Pass a comma separated string with brackets to a List

Issue

The method has to receive a String in format "[1,2,3,4,5]" with just integers inside, but it can also have "[1,2,3,[]]" or "[1,2,3,[1,2,3]]". I already have the code to just add the numbers to the list, but I can't figure out how to handle when I have another List inside.

I've thought of having a class List and when I find another brackets inside to call the function again, but don't know how to substring correctly when I see another opening bracket [. After I remove the brackets I split the string like this:

String[] arr = string.split(","); 

And start to add those results to the List I have to return with a for loop, my problem is when I see an opening bracket again [ I would have to substring and call with the resulting String my method again but don't know how to determine the closing bracket. What I've tried is to get the index of a closing bracket with indexOf:

String aux = arr[i];
int closingBracket = aux.indexOf("]");

But if I have an input string like [1,2,3,4,[,6] which shouldn't be accepted it will accept it.

Solution

What you need to do is figure out, on paper, what is called a finite state machine (FSM). When you encounter a token (comma, bracket, digit) you enter a particular state. Once in a certain state, you can only accept certain other tokens which may put you in a different state or leave you in the current one. You could have many different states which can accept different tokens and perform different actions.

For example.

When you see a digit, the next token may be.

 1.  Another digit
 2.  A closing bracket.
 3.  A comma.

Each of those tokens may prompt a different state and/or action.

 1. Another digit - keep on processing since numbers have many digits.
 2. closing bracket - save the number in a list and get the next list (See below)
 3. comma - save the number and look for next number

Assuming you want to save all of this in a list of lists it would be easiest to start off with a List<Object> since you can save integers and lists of lists in that type of list with indefinite depths.

I also suggest you look at the Stack class. You may want to be pushing the current list and popping a recent one as your parsing depth changes.

Finally, to ensure your brackets are properly matched to the following. Increment a counter when you see a '[' and decrement the counter when you see a ']'. If the counter ever goes negative, you have too many right brackets. If at the end it is positive, you don't have enough right brackets.

For more on this check out Finite State Machines at Wikipedia.

I decided to include a small example of what I was talking about. It may not cover all possible edge cases but the purpose is illustrative.

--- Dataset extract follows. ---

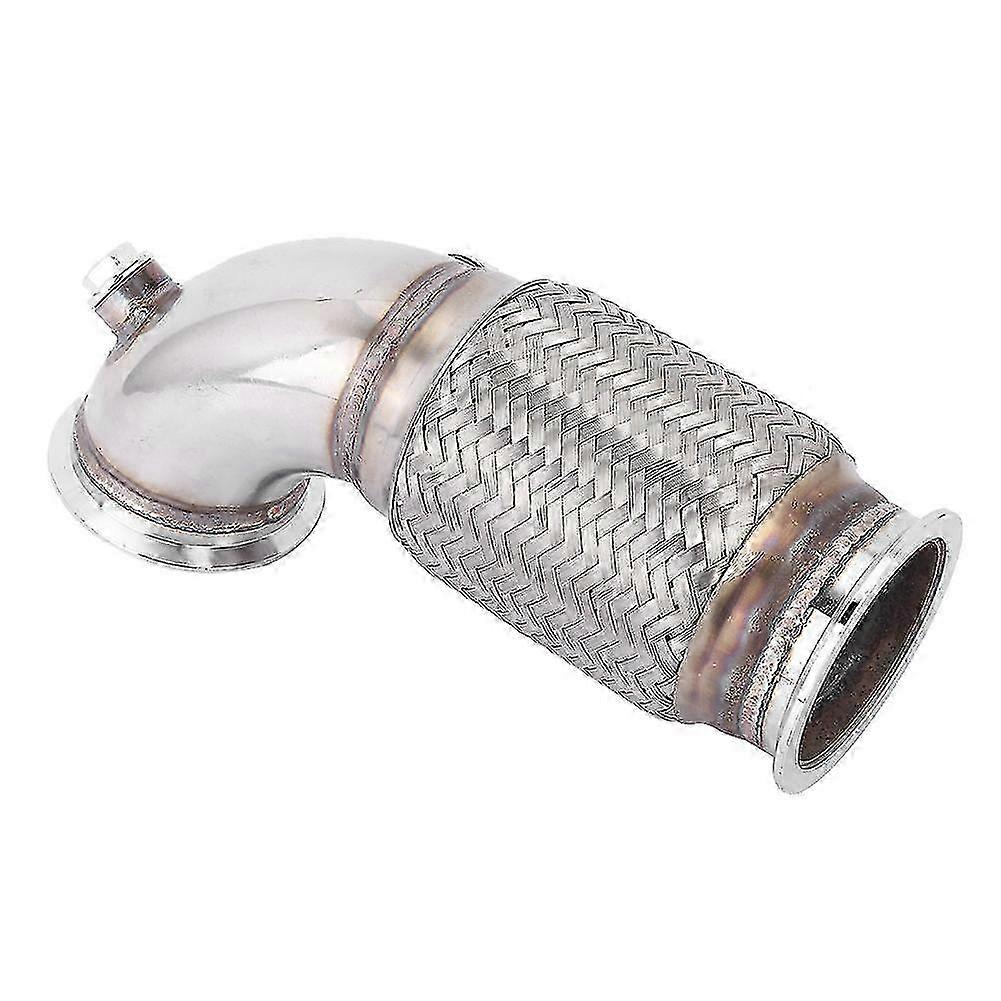 O2 Bungs Plug Downpipe for 3 Inch V Band Exhaust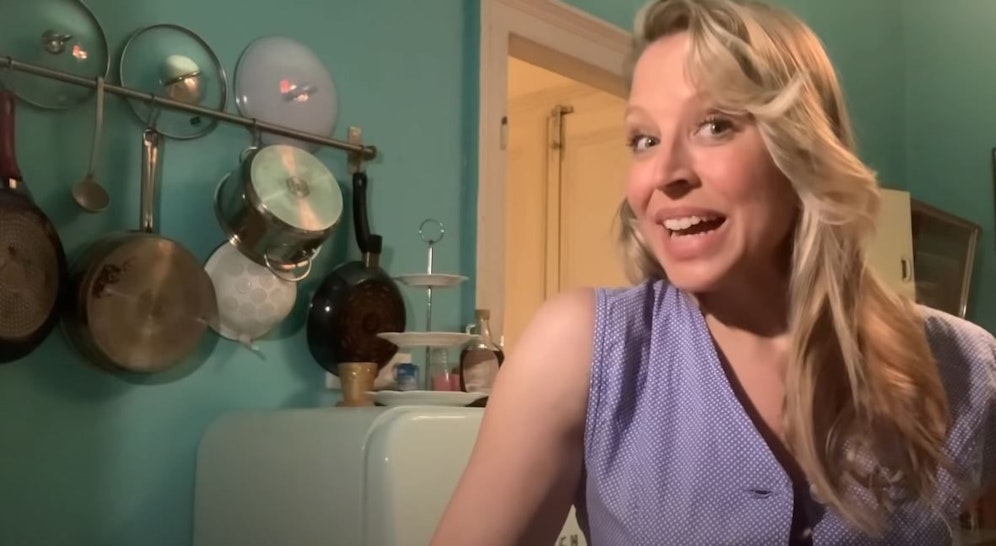 Nina Proll ist auch bei der Aktion dabei.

   public static void main(String[] args) {
      String strlist =
            "[1,2,113],     [4,5,[5,2,10],1], [],[1,2,3,4,5,[10,11,12,13,[14,15]]]";
      int bracketCount = 0;
      int num = 0;

      // inital list
      List<Object> list = new ArrayList<>();

      // hold sublists for precessing
      Stack<List<Object>> stack = new Stack<>();

      char[] chars = strlist.toCharArray();
      for (int i = 0; i < chars.length; i++) {
         char c = chars[i];
         switch (c) {
            // state1 left bracket - push current list on stack for later
            // retrieval
            // allocate new list and add it to one just pushed (remember,
            // I still have its reference).
            // Assign nlist to list
            // increment bracket count
            case '[':
               stack.push(list);
               List<Object> nlist = new ArrayList<>();
               list.add(nlist);
               list = nlist;
               bracketCount++;
               break;
            // state2 right bracket - Finished processing current sublist.
            // if previous tokens were not brackets, then add the
            // number to the list and pop off the previous one.
            // decrement bracket count
            case ']':
               if (chars[i - 1] != '[' && chars[i - 1] != ']') {
                  list.add(num);
               }
               list = stack.pop();
               bracketCount--;
               break;
            // state3 - whitespace - ignore
            case ' ':
            case '\t':
               break;
            // state4 comma - if previous token was not a right bracket,
            // then add number. Reset num for next number.
            case ',':
               if (chars[i - 1] != ']') {
                  list.add(num);
               }
               num = 0;
               break;
            // state5 digit - assumed to be a digit. Each time a digit
            // is encountered, update the number
            default:
               num = num * 10 + c - '0';
         }
         if (bracketCount < 0) {
            System.out.println("too many ] brackets at location " + i);
         }
      }
      if (bracketCount > 0) {
         System.out.println("insufficent number of ] brackets");
      }
      System.out.println(list);
   }
}

Note that in the above example, the "states" are rather "pseudo states." That is you don't need to check the current state you are in in order to determine how to process the current token or flag an error.

Answered By - WJS